1. Router receives a datagram (e.g., destined for 192.40.10.3).

2. Checks entries in the forwarding table:

   • Matches destination prefix using subnet mask to find next hop.

3. Longest Prefix Match: Resolves overlaps in entries to choose the most specific route.

4. If no explicit entry exists, a default entry is used.

Best Effort Delivery

• Definition: A service that does not guarantee the delivery or quality of data transmission.

• IP Protocol:

  • Makes a best effort to deliver datagrams without error corrections or guarantees of delivery.

Encapsulation Technique

• Encapsulation:

  • When datagrams are placed into a frame's payload area without alterations.

  • Frame headers differ between various protocols.

  • Analogy: Like a vacuum tube system used in banking; contents remain unchanged during transmission.

Frame Processing

• Receiver identifies payload type through frame type field agreement.

• Upon arrival, routers strip the old frame and encapsulate the datagram into a new frame, repeating this until the final destination is reached.

• Maximum Transmission Unit (MTU):

  • Defines maximum data size a frame can carry; datagrams must fit within the MTU limits.

• Fragmentation:

  • Necessary for transporting larger datagrams over networks with smaller MTUs.

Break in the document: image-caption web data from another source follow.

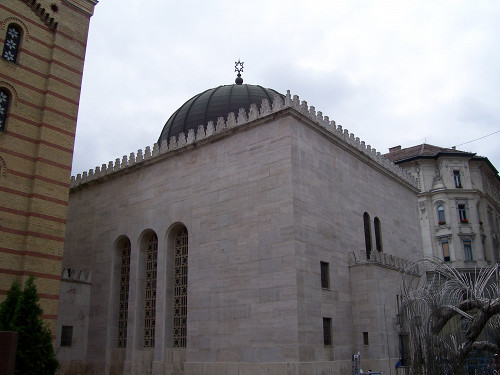 Budapest, 2005, Der 1931 erbaute Tempel der Helden, Stiftung Denkmal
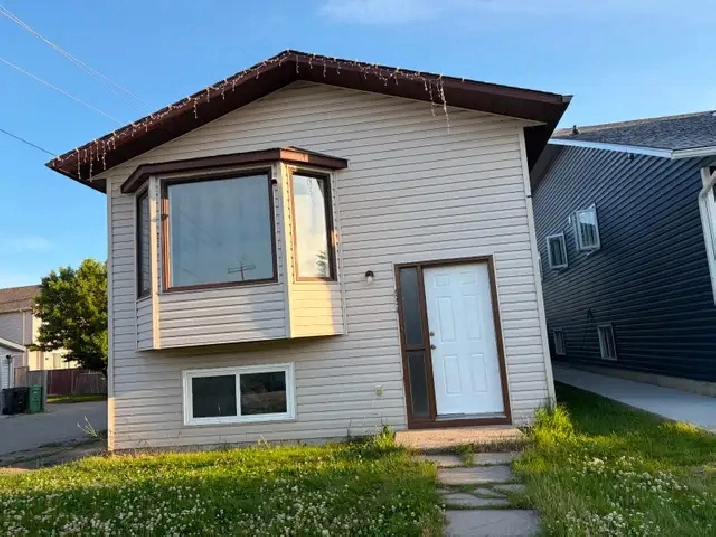 Falconridge whole house 4 bedroom  $ 2050/m  ut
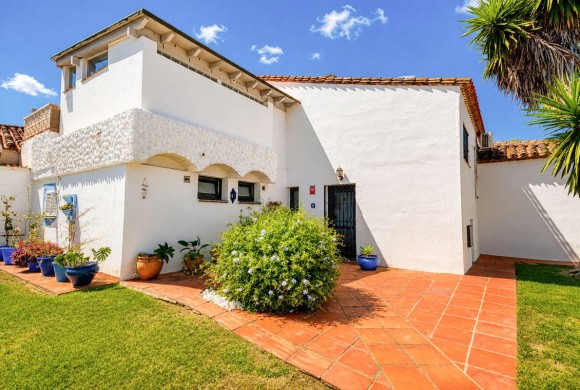 Townhouse for sale in Malaga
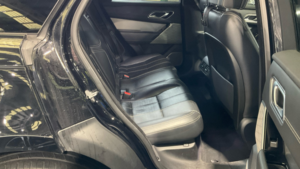 2018 Land Rover Range Rover Velar R-Dynamic Hse in Black — image 5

  • Routers divide datagrams into smaller fragments when needed.

Fragmentation and Reassembly

• Fragmentation Process:

  • Each fragment retains the original datagram’s header format with identification and offset fields.

• Reassembly Process:

  • Performed at the final destination using identification number and offsets to place each fragment correctly.

• Out-of-Order Fragments:

  • The reassembly process anticipates and accommodates out-of-order arrival of fragments.

Conclusion

• Summary of Key Points:

  • Datagram structure (IP and IPv6).

  • Forwarding mechanisms via next hop routing and the use of forwarding tables.

  • Importance of best effort delivery and encapsulation in IP protocol operations.

  • Handling fragmentation and reassembly for varying MTU sizes.

Final Notes

• Encourage questions in class and to test knowledge on the subject.